Work required
Your answer must consist solely of the lines from the start of the entries below through the line with "Maturzyści jednego ze", unchanged.

Supplied data

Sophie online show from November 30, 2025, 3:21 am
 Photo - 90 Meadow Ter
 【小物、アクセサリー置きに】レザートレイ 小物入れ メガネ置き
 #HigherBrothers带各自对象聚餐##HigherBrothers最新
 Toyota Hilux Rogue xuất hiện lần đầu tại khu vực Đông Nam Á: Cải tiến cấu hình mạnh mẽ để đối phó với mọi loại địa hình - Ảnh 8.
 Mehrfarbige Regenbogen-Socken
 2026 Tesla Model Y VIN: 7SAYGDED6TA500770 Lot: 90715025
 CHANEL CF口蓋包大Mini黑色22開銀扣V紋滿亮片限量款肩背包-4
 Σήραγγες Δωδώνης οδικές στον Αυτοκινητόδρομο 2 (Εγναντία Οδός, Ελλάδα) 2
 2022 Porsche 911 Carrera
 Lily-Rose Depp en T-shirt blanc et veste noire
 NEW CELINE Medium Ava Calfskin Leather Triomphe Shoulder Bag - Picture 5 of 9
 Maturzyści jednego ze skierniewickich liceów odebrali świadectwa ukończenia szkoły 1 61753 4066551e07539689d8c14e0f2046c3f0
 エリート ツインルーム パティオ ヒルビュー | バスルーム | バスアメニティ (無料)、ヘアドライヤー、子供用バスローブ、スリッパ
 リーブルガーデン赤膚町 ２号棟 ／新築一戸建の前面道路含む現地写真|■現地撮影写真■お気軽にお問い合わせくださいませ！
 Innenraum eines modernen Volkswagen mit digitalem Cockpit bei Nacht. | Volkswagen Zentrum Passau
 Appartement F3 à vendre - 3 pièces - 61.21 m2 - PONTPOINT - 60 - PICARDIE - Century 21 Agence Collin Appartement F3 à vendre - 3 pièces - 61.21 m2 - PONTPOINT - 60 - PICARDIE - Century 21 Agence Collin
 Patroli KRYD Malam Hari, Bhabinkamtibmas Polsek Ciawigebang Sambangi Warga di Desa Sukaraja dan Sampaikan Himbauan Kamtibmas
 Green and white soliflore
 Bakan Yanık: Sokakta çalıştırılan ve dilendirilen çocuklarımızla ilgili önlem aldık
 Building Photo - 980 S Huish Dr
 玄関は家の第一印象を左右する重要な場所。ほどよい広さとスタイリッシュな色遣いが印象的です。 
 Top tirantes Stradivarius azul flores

Response to this task
Sophie online show from November 30, 2025, 3:21 am
 Photo - 90 Meadow Ter
 【小物、アクセサリー置きに】レザートレイ 小物入れ メガネ置き
 #HigherBrothers带各自对象聚餐##HigherBrothers最新
 Toyota Hilux Rogue xuất hiện lần đầu tại khu vực Đông Nam Á: Cải tiến cấu hình mạnh mẽ để đối phó với mọi loại địa hình - Ảnh 8.
 Mehrfarbige Regenbogen-Socken
 2026 Tesla Model Y VIN: 7SAYGDED6TA500770 Lot: 90715025
 CHANEL CF口蓋包大Mini黑色22開銀扣V紋滿亮片限量款肩背包-4
 Σήραγγες Δωδώνης οδικές στον Αυτοκινητόδρομο 2 (Εγναντία Οδός, Ελλάδα) 2
 2022 Porsche 911 Carrera
 Lily-Rose Depp en T-shirt blanc et veste noire
 NEW CELINE Medium Ava Calfskin Leather Triomphe Shoulder Bag - Picture 5 of 9
 Maturzyści jednego ze skierniewickich liceów odebrali świadectwa ukończenia szkoły 1 61753 4066551e07539689d8c14e0f2046c3f0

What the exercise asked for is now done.